- **WHAT YOU ARE ASKED TO DO**
Output every entry below word for word, without its pictures.

- **MATERIAL FOR THIS EXERCISE**
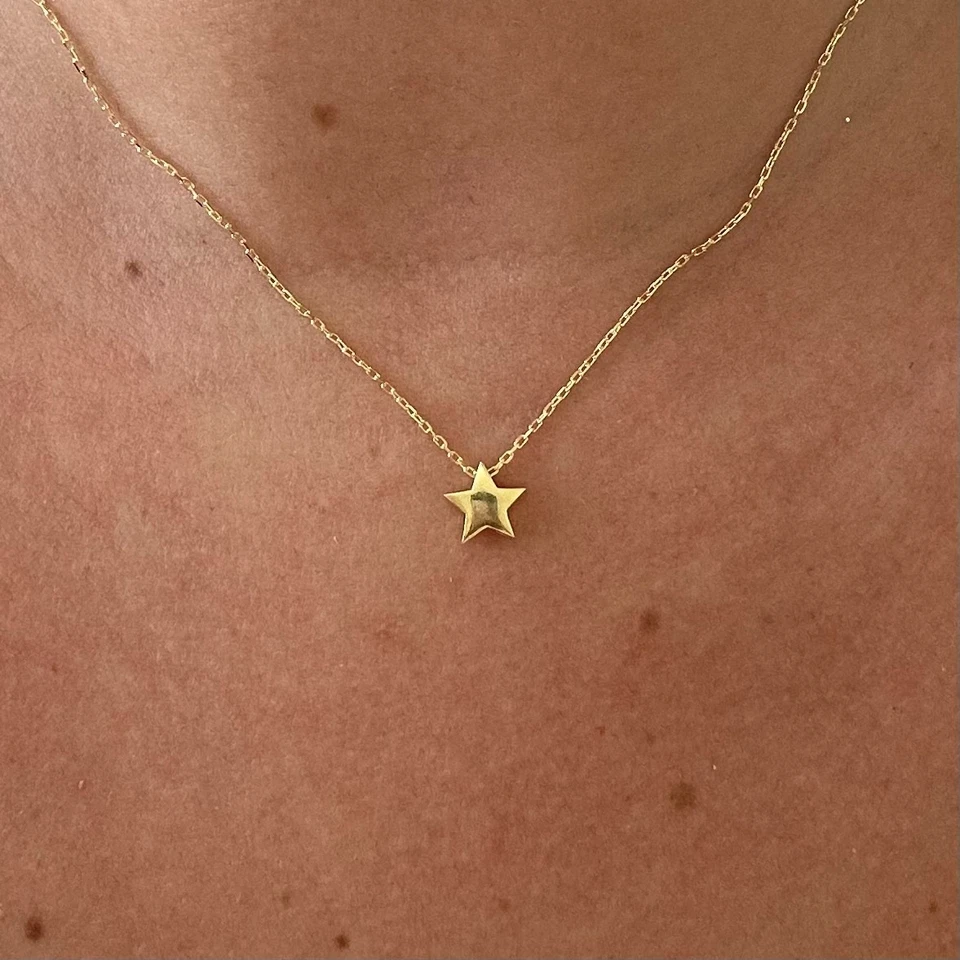 Collar con dije de estrella minimalista de oro de 14k delicada joyería colgante regalo mujer ella Foto 3 de 4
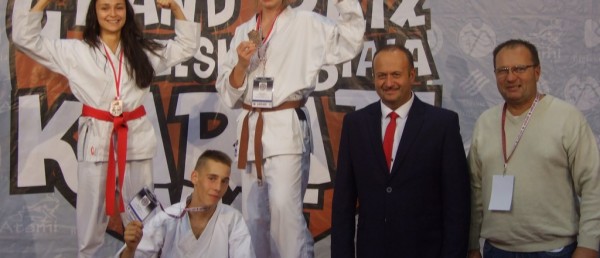 Dziewczyny z Arawashi też lubią brąz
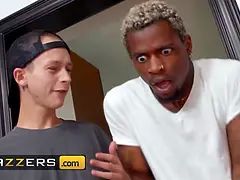 Brazzers - juicy stacey & pool dude jordi begin fooling around right next to Karina King until she joins for a 3some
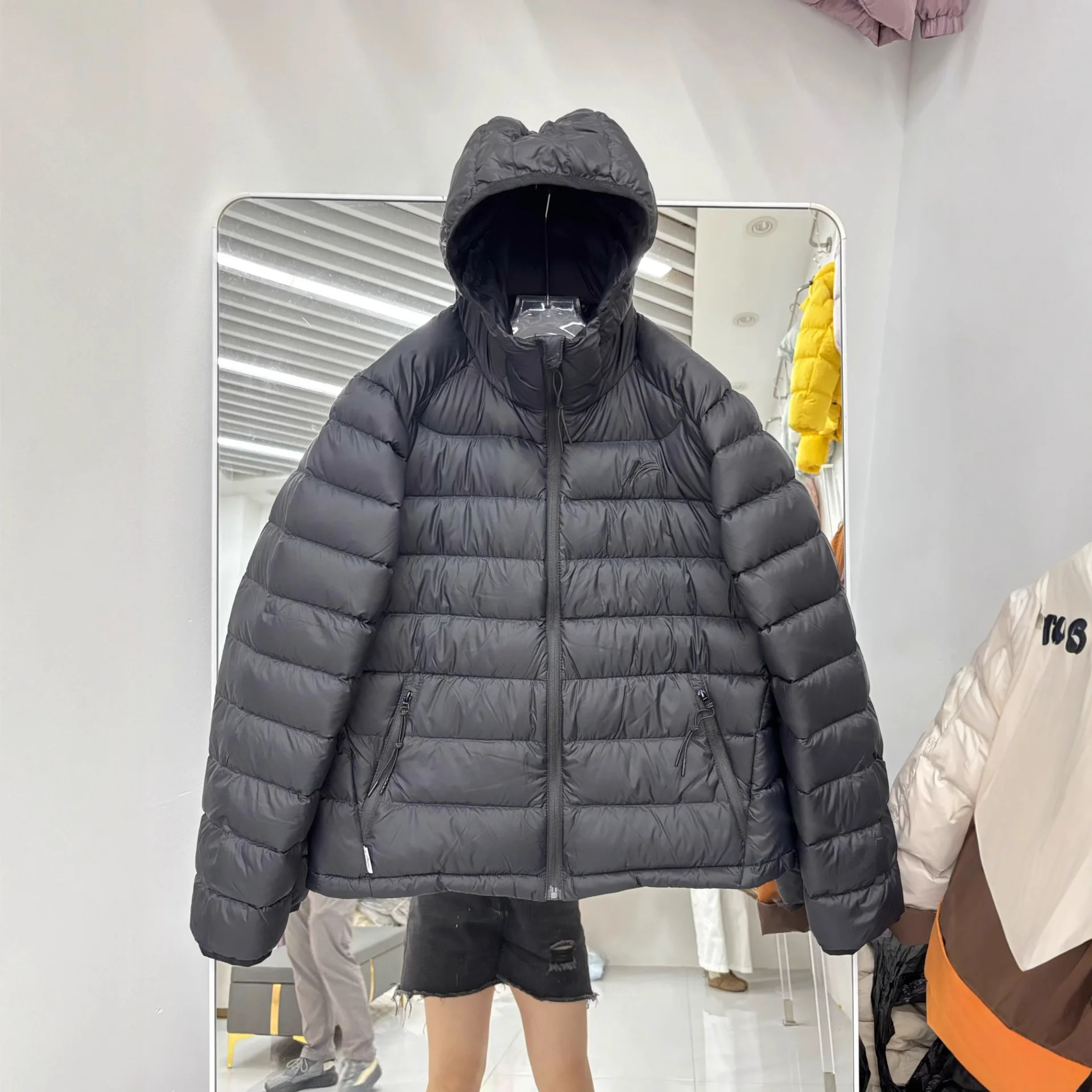 Весенняя легкая пуховая куртка с капюшоном, 90% белый утиный пух, женская парка, ультралегкая уличная верхняя одежда с капюшоном, теплая, модная
Весенняя легкая пуховая куртка с капюшоном, 90% белый утиный пух, женская парка, ультралегкая уличная верхняя одежда с капюшоном, теплая, модная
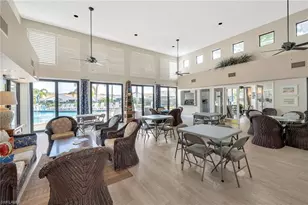 577 Beachwalk Cir, Naples, FL 34108 - Photo 33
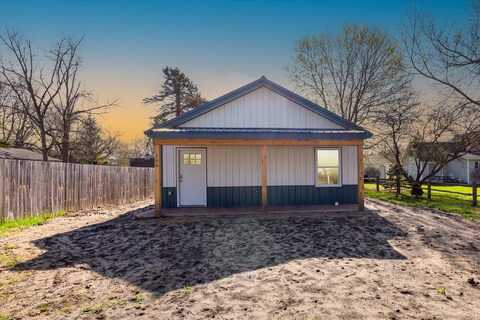 706 Colfax Street, Cadillac, MI 49601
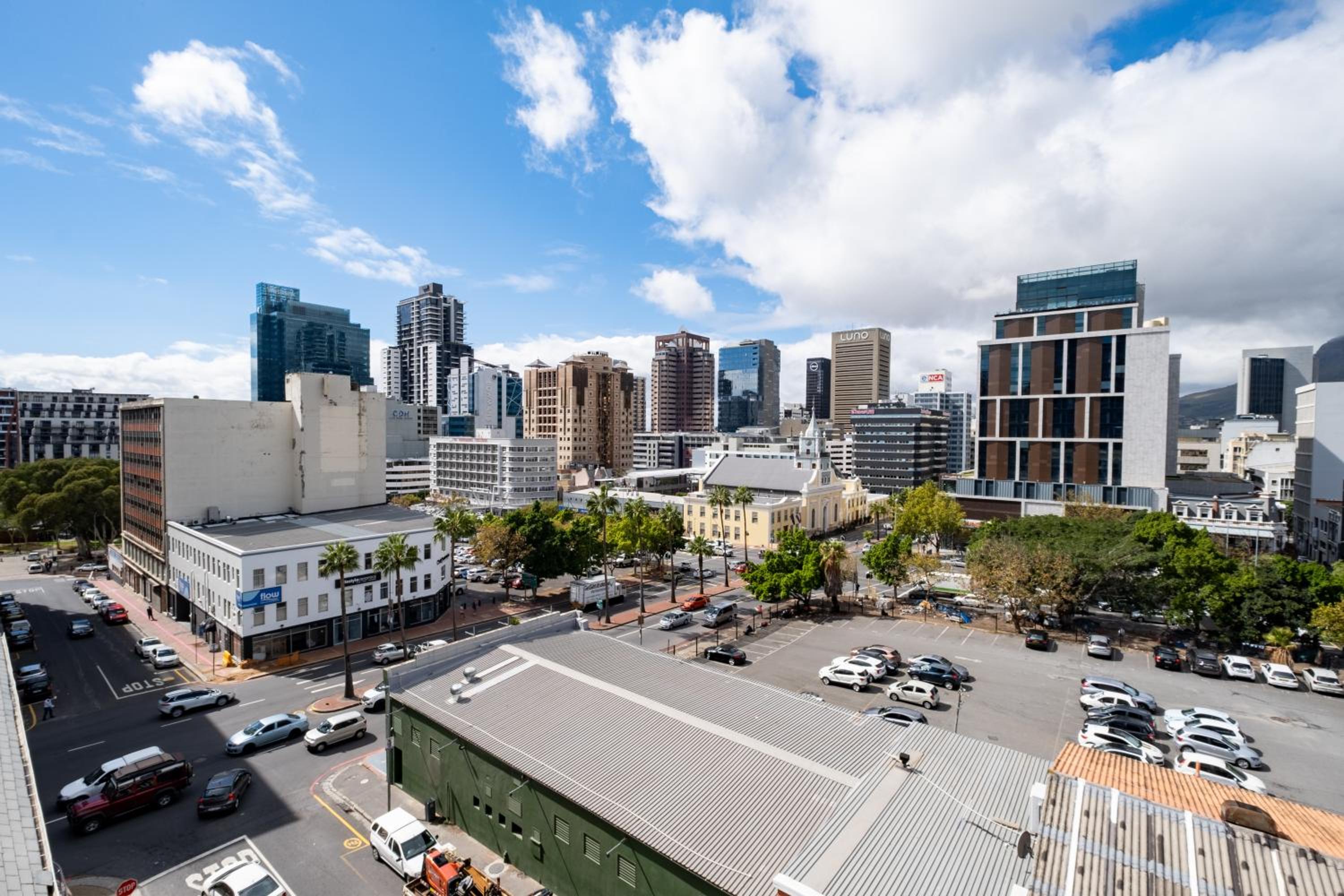 The Rose 506: Studio Apartment with Rooftop Pool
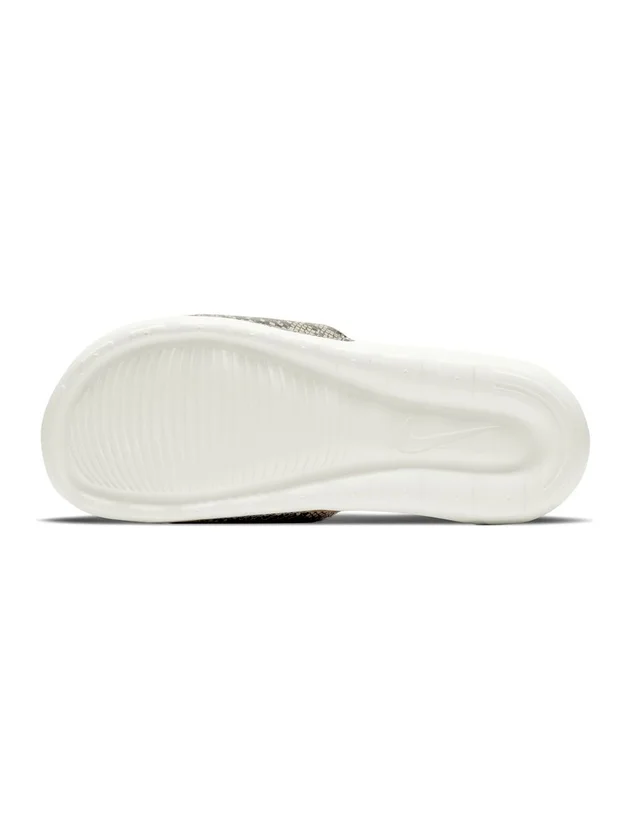 Victori One Slide Print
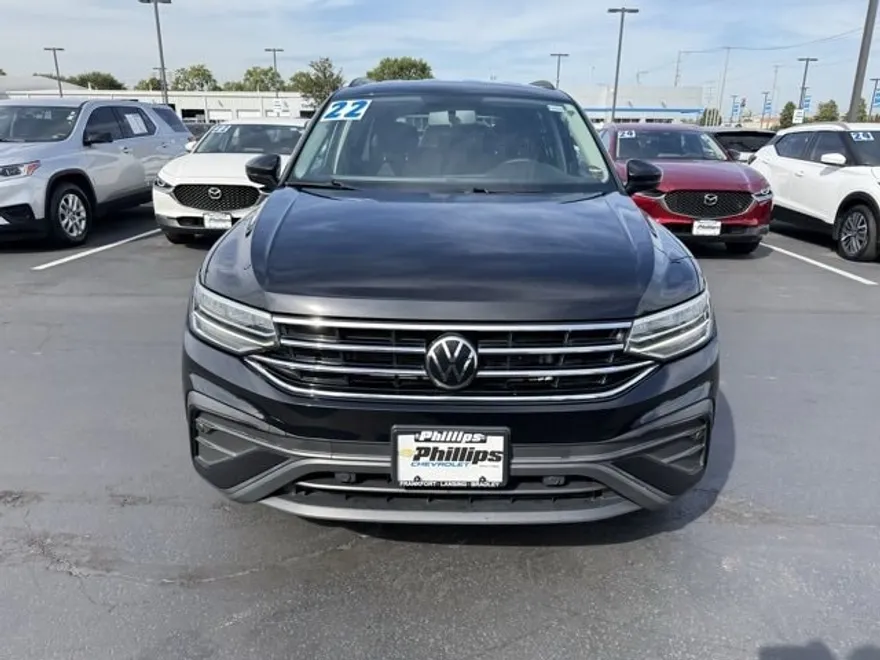 2022 Volkswagen Tiguan S photo 1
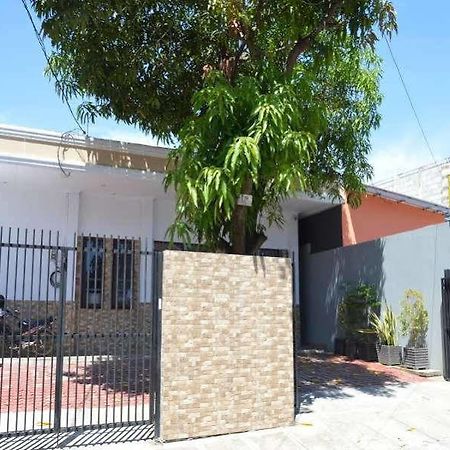 Oyo 1631 Aristo Home Makassar Bagian luar foto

- **ANSWER AREA**
 Collar con dije de estrella minimalista de oro de 14k delicada joyería colgante regalo mujer ella Foto 3 de 4
 Dziewczyny z Arawashi też lubią brąz
 Brazzers - juicy stacey & pool dude jordi begin fooling around right next to Karina King until she joins for a 3some
 Весенняя легкая пуховая куртка с капюшоном, 90% белый утиный пух, женская парка, ультралегкая уличная верхняя одежда с капюшоном, теплая, модная
Весенняя легкая пуховая куртка с капюшоном, 90% белый утиный пух, женская парка, ультралегкая уличная верхняя одежда с капюшоном, теплая, модная
 577 Beachwalk Cir, Naples, FL 34108 - Photo 33
 706 Colfax Street, Cadillac, MI 49601
 The Rose 506: Studio Apartment with Rooftop Pool
 Victori One Slide Print
 2022 Volkswagen Tiguan S photo 1
 Oyo 1631 Aristo Home Makassar Bagian luar foto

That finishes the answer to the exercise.